I have these two dataframes:
Df1 = pd.DataFrame({'street1': ['1, 2', '1, 3', '1, 4', '123']})
Df2 = pd.DataFrame({'street2': ['1, 1', '1, 2', '1, 2']})
I added a column that tells me if the values of Df1 are in Df2 with the following code.
Df1["InDf2"] = Df1.street1.isin(Df2.street2).astype('bool')
I need to make another column Df1['Df2Index'], containing the index number (or numbers) where Df2 is equal to Df1. How can I do this?

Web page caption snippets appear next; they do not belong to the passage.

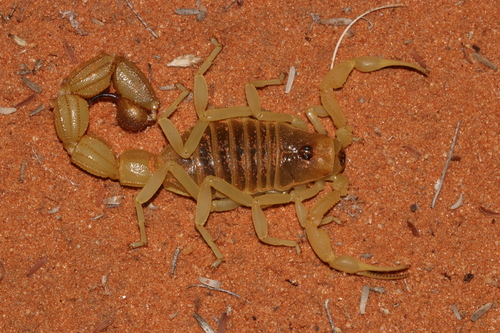 Rough Thicktail Scorpion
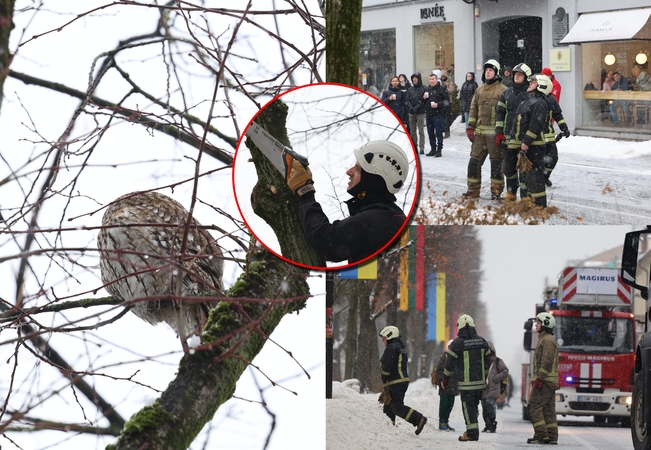 Laisvės alėjoje – nekasdienė gelbėjimo operacija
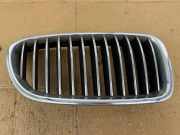 Vorderer oberer Gitter BMW 5 (F10) 520 d 7261356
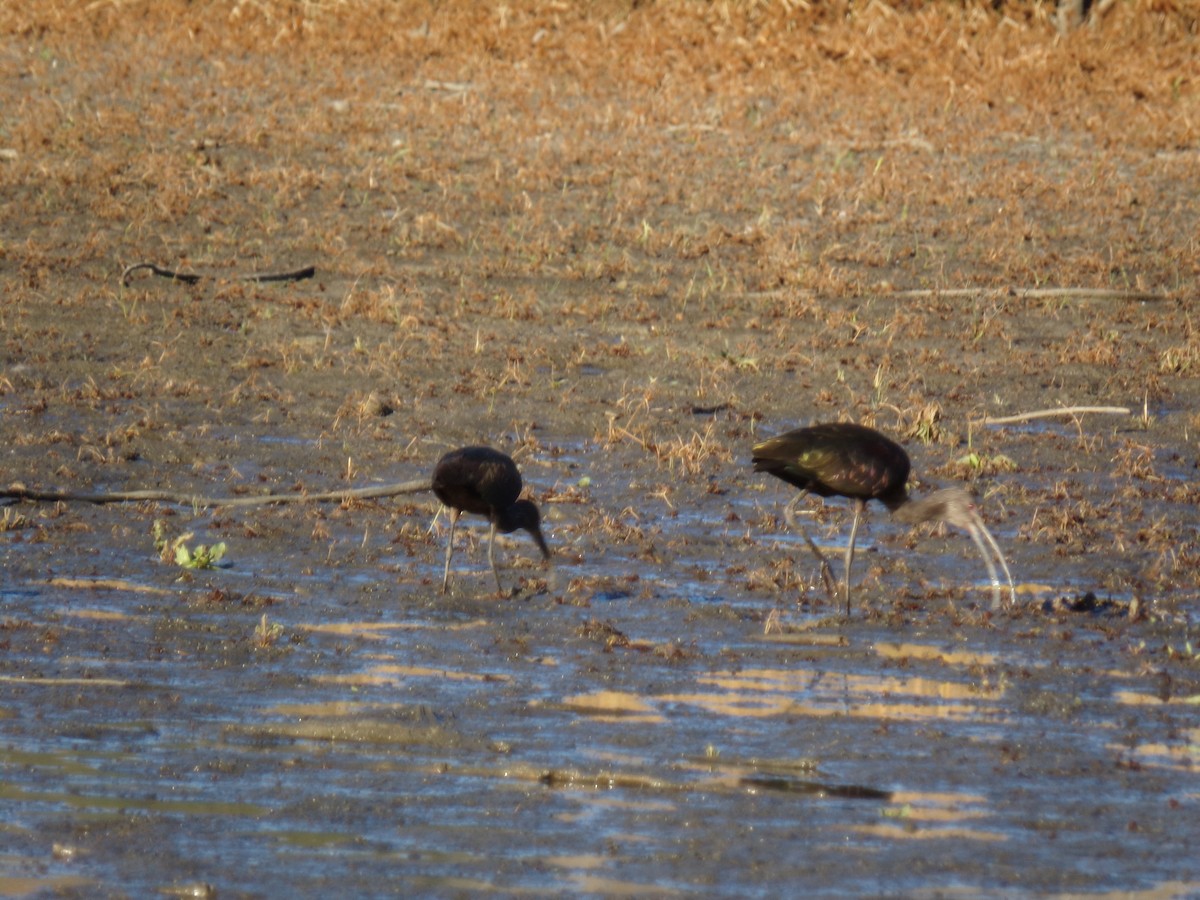 White-faced Ibis - Joshua Jaeger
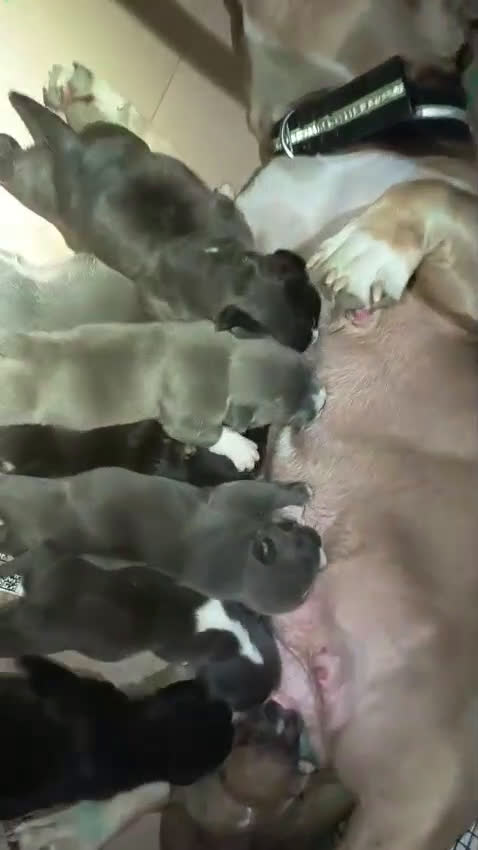 Amerikaanse Bully honden te koop: Amerikaanse Bully-puppy's  - Video 2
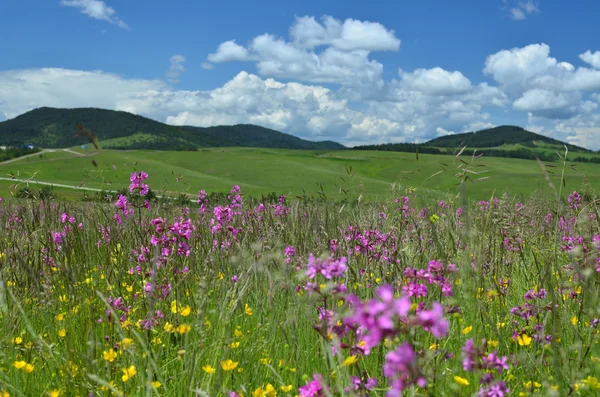 Landschaft des Gebirges Zlatibor — Stockfoto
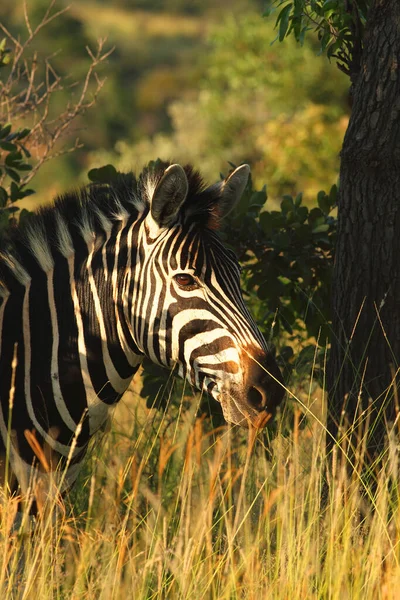 Mountain Zebra Equus Zebra Füves Területen Száraz Fűvel Háttérben — Stock Fotó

CodePudding user response:
reset the index of the second DataFrame to get the index as a column. then merge on the desired columns. after that drop the extra column and NaNs created in the other columns.
Df1 = Df1\
.merge(Df2.reset_index(), how='outer', right_on='street2', left_on='street1')\
.drop('street2', axis=1)\
.dropna(subset=['street1'])
output:
street1 InDf2 index
0 1, 2 True 1.0
1 1, 2 True 2.0
2 1, 3 False NaN
3 1, 4 False NaN
4 123 False NaN
CodePudding user response:
lambda function helps to do that
l = df2['street2'].values
df1['InDf2'] = df1.apply(lambda row: 'True' '-' str(list(df2[df2['street2'] == row['street1']].index.values)) if row['street1'] in l else 'False-Not Exist', axis = 1)
df1[['InDf2', 'Df2_index']] = df1['InDf2'].str.split('-', expand=True)
df1
street1 InDf2 Df2_index
0 1, 2 True [1, 2]
1 1, 3 False Not_Exist
2 1, 4 False Not_Exist
3 123 False Not_Exist